No doubt, an advertisement last week offering a reward of $1 million to anyone who would assassinate Egyptian President Hosni Mubarak for betraying the Palestinians placed by the Basij, a volunteer-based paramilitary force subordinate to the revolutionary guards, hardly points to a desire for dialogue. It does however fit into the category of tasteless, counterproductive and provocative theatrics. It is unlikely that Iran is about to dispatch a team of assassins. More probable is that Iran would like to stir the pot in Egypt, witness the call by Iran's Lebanese ally, Hizbollah leader Hassan Nasrallah, on Egyptians to protest their government's refusal to fully open the Rafah border crossing with Gaza. Hizbollah does "not like to target Israeli civilians during election years – and Lebanon has parliamentary elections coming up in April. Hezbollah even kept their rocket attacks down for 1998’s local elections... Extrapolating, this trend indicates how highly Hezbollah values its legal and political standing in Lebanon and its recognition that this standing is damaged when it is held responsible for provoking Israeli strikes," says Aaron Mannes, who works on models of terrorist group behavior at the University of Maryland’s Laboratory for Computational Cultural Dynamics on the TheTerrorWonk blog.

Iranian President Mahmud Ahmadinejad has a particular pension for setting himself up as the boogeyman, denying the Holocaust and calling for Israel's demise. Yet, his predictions that Israel with be destroyed or simply wither away from the pages of history reflect a belief that Israel is digging it own grave and will self-destruct as a result of its own contradictions and policies. Critics of Israel in the west may too argue as they watch the carnage in Gaza continue that Israel's is its own worst enemy. Moreover, Iran's real targets are the conservative Arab governments of Saudi Arabia, Jordan and Egypt, Israel is a tool towards that goal.

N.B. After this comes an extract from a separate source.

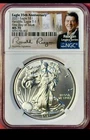 2021 Type-1 1oz Silver Eagle NGC Graded MS70 President Ronald Reagan Label!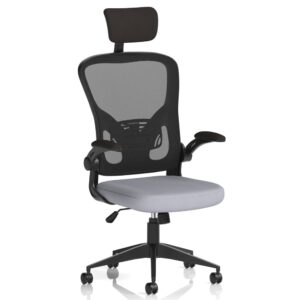 Accord Fabric Office Chair With Folding Arms In Shell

Iran sees political mileage in the mass demonstrations across the Arab world not only denouncing Israel but also Arab government failure to bring an end to the crisis. That political capital is all the more important in a period of transition in which it has yet to emerge whether US President-elect Barack Obama will break with the Bush administration's policy of seeking to force Iran to make concessions before engaging in constructive dialogue.

Iran limiting itself to theatrics and rhetoric in Gaza contains another message: compare Iran's response to Gaza to its response to issues about which it is really concerned: Iraq and Afghanistan where Iran's hand in the resistance against the presence of US troops is clearly visible.

Nonetheless, theatrics and rhetoric contain pitfalls. Iranian leaders encouraged Iranians to pour into the streets to protest the Israeli offensive and to volunteer to fight in Gaza. Supreme leader Ali Khamenei declared that "true believers" were "duty-bound to defend" the Palestinians promised anyone who died for the cause of Gaza that he would be a martyr. Demonstrators took things in their own hands and attacked foreign embassies, including those of Britain and Jordan. They had to be cautioned to maintain public order.

Some 200 volunteers of the 70,000 who reportedly signed up to fight in Gaza held an angry sit in at Tehran's Mehrabad Airport, demanding that they be sent to the strip. Ahmadinejad's brother, Dawoud Ahmadinejad, was sent to the airport to advise them that they would not be travelling to Gaza any time soon while IRGC commander Jafari asked them to end the demonstration and called for a "mental and political jihad" against the enemy.